Soluções digitais como os apps estão rapidamente preenchendo o vácuo de informação que assola milhares de pessoas deslocadas ao redor do mundo
Por Adriana Erthal Abdenur e Lycia Brasil
Publicado originalmente em inglês no portal PassBlue
Tradução de Milene Miller
“DoNotPay”, um aplicativo apelidado por seu desenvolvedor Joshua Browder como “o primeiro robô advogado do mundo”, tem ajudado refugiados nos Estados Unidos e Canadá a completar suas solicitações migratórias.
Há também o “MigApp”, desenvolvido pela Organização para Migração, que preenche lacunas em tópicos que vão desde transferência de dinheiro até regras à respeito de vistos ao redor do mundo. O “Signpost”, um portfólio de ferramentas online para pessoas em áreas afetadas por conflitos, alcançou um milhão de pessoas na Grécia, Itália, Jordânia e El Salvador; “RefAid”, no qual conecta refugiados com serviços, é utilizado por mais de 400 organizações não governamentais, como Cruz Vermelha e Save the Children. Há ainda o aplicativo “Techfugees”, que convida indivíduos e organizações a compartilhar soluções tecnológicas, incluindo formas de combate à xenofobia online.
Assim, soluções digitais estão rapidamente preenchendo o vácuo de informação que assola milhares de pessoas deslocadas ao redor do mundo.
Muitas vezes, migrantes aterrissam em lugares nos quais pouco ou sequer conhecem à respeito. Alguns confiam no que os duvidosos coiotes lhes dizem ao contrabandeá-los através das fronteiras. Mesmo aqueles recém-chegados que possuem alta qualificação podem se encontrar desamparados por instituições, leis e práticas que diferem daquelas de seu país de origem. As burocracias locais podem impor requisitos espinhosos que envolvem a proteção e atualização de determinados documentos. As barreiras linguísticas podem afetar tudo: desde a obtenção de comida e hospedagem até o ingresso no complexo sistema jurídico.
O Signpost, lançado em 2015, é uma colaboração entre o International Rescue Committee e o Mercy Corps. Segundo seus desenvolvedores, uma de suas ferramentas chamada Refugee.info, fornece informações confiáveis em cinco idiomas e chega a 70% dos cerca de 50.0000 refugiados na Grécia.
Ter uma conexão de celular não é apenas uma questão prática, como acessar informações e nos localizar – “é sobre reforçar nossa dignidade”, assim nos disse um refugiado venezuelano na fronteira com o Brasil em uma entrevista em abril.

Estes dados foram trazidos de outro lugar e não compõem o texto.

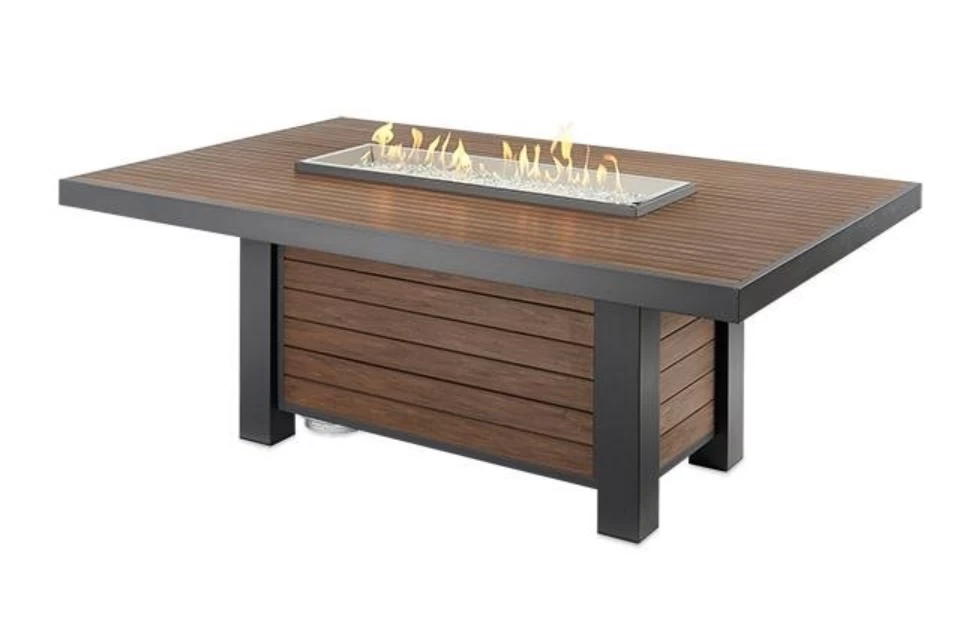 81" Kenwood Linear Dining Height Gas Fire Pit Table - Image 2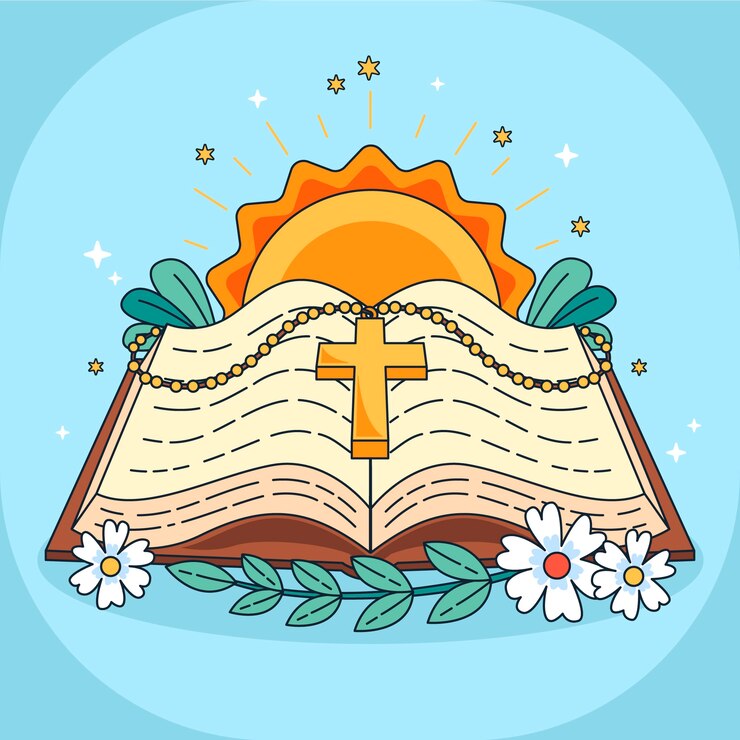Vector hand drawn bible illustration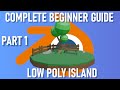 Complete Blender Beginner Guide Low Poly Island Creation (1/2)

Os críticos alertam para a chamada “tecnoforia”, termo referido à euforia tecnológica, que resulta em um otimismo exagerado à respeito dessas plataformas. Em Roraima, pesquisadores do Instituto Igarapé, nossa organização sem fins lucrativos, encontraram migrantes que haviam vendido seus telefones para financiar suas viagens. Dentre aqueles que possuíam celulares, seus modelos eram geralmente simples, com armazenamento mínimo de dados e frequentemente compartilhados.
Embora alguns campos e abrigos de refugiados ofereçam espaços exclusivos com Wi-Fi, apenas uma porção de migrantes pode obter acesso à internet de uma só vez. Pacaraima, cidade de Roraima onde a maioria dos migrantes venezuelanos cruzam a fronteira, possui uma conexão 4G há cerca de um ano, mas não é suficiente para atender à demanda.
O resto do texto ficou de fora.